Means of the trip was to get acquainted with the classical cultural history of the continent. The Tour traditionally could last several months to several years, but had a standard itinerary. The trip provided an opportunity to view specific works of art and antique or Renaissance architecture and to hear specific works of music.
The typical journey started in Dover, crossing the channel to Ostend in Belgium or to Calais or Le Havre in France. From there, the tourist went to Paris. Since French was the language of the European gentry, an English tourist would learn French and the manners and fashion of the French high society.
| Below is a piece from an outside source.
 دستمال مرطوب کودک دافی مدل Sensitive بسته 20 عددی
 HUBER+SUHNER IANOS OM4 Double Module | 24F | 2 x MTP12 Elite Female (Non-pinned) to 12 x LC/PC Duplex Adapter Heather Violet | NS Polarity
From Paris, the traveller typically travelled on to Switzerland and stay a while in Geneva or Lausanne before taking on a streneous journey across the Alps to norther Italy. Italy was a must visit for its richdom of antique architecture and as the cradle of the Renaissance. The Uffizi gallery in Florence, Turin and Venice were required stops. From there, the tourist would travel south to Rome to study ancient roman ruins and various paintings and sculptures in museums. The traveller could either travel further south to Naples or even as far as Greece, or travel northbound to Austria and Germany. Typical stops in the German-speaking part of Europe were Salzburg (where some traveller could have enjoyed a Mozart concert), Vienna (Beethoven) and Berlin. Some tourists spent a semester at the universities of Munich or Heidelberg and get acquainted with German habit. Before crossing the Channel back to England, the traveller would see some Dutch masters paintings in Holland and Flanders.
The Grand Tour's popularity declined when Romanticism surfaced in the early 19th century. Instead of antiquity, the European Gothic and medieval times became of interest - and relics from that time were as present in Britain as in (southern) Europe.